Spark is an open-source electronic framework that serves as a task manager, coordinating vast networks of individual computers to work together as a single machine on big computing tasks. One of the most widely-used tools of its kind in the world, it’s used by every major tech company as well as banks, telecommunications companies, governments and many others.
When Spark was built a decade ago, most of this work took place at large data centers, where vast banks of machines were located at a single site. But today, it’s increasingly being used to connect machines that are spread across the globe and connected by the internet.
Chowdhury helped build Spark during his time as a graduate student at the University of California Berkeley. He explains that it parcels out work to individual machines using a component called an execution engine. It was designed primarily for large data centers, where groups of machines on the same local network could communicate quickly with each other. But it’s less efficient when machines are thousands of miles apart, connected by the relatively narrow pipe of the internet.

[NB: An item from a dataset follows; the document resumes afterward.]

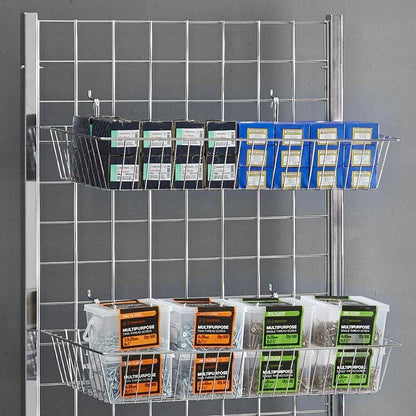 5ft Single-Sided Grid Mesh Display Bundle With 4 x Wire Baskets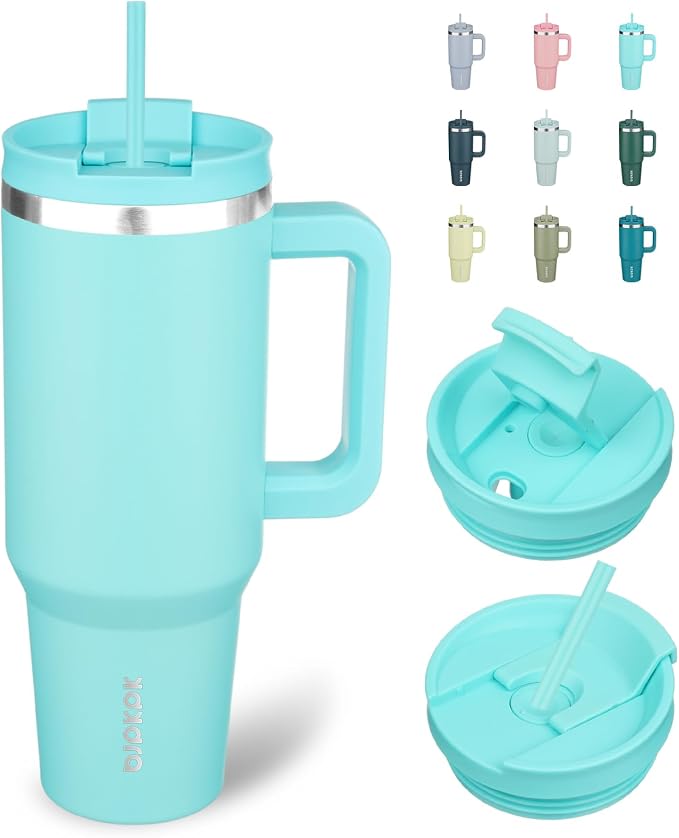 BJPKPK 40 oz Insulated Tumbler with Handle & Straw, Stainless Steel | Double Wall Vacuum Insulation, Leak Proof, BPA Free, Dishwasher Safe, Cupholder Friendly, Travel & Outdoor, Turquoise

“Spark’s existing execution engine makes decisions about where to send work at the very last minute—only after the CPU signals that it’s ready for more work does it send a new task,” Chowdhury said. “That approach maximizes flexibility, and it makes sense when a task is housed in a single data center. But that communication takes much longer between machines that are connected by the internet. The last-minute approach often leaves CPUs underutilized, meaning they’re sitting around waiting for work.”
So Chowdhury and Madhyastha, working with graduate student research assistants Fan Lai and Jie You as well as undergraduate student Xiangfeng Zhu, wrote a new execution engine called Sol. Sol takes a more proactive approach; instead of waiting for CPUs to signal that they’re ready for a new job, it guesses which ones will be next in line and actively pushes new tasks to them. It also instructs machines to process data locally when possible instead of constantly moving it between machines.

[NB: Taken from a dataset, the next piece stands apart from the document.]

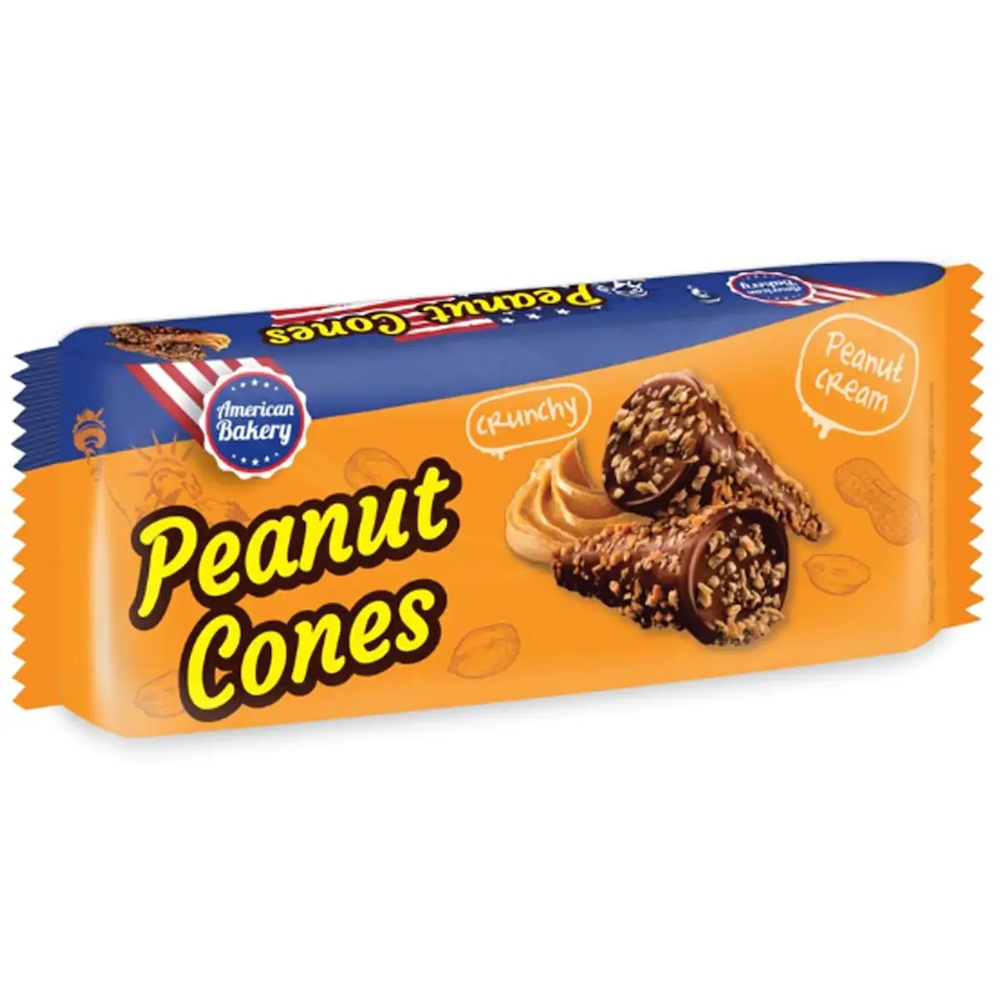 Läs mer om American Bakery Peanut Cones 112g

This means less shuffling of data and commands between machines, lessening the burden on the internet and speeding data processing. Chowdhury’s team has found that it speeds computation dramatically, making common tasks four to 16 times faster.
While the currently available release is a research version of the software rather than a more polished product, Chowdhury says releasing it in its current form is a way to drive research at a time when speed is essential.
“Fan Lai is already making himself available to help those who want to try it,” he said. “We’re doing everything we can to move quickly.”
The paper is titled “Sol: Fast Distributed Computation Over Slow Networks.”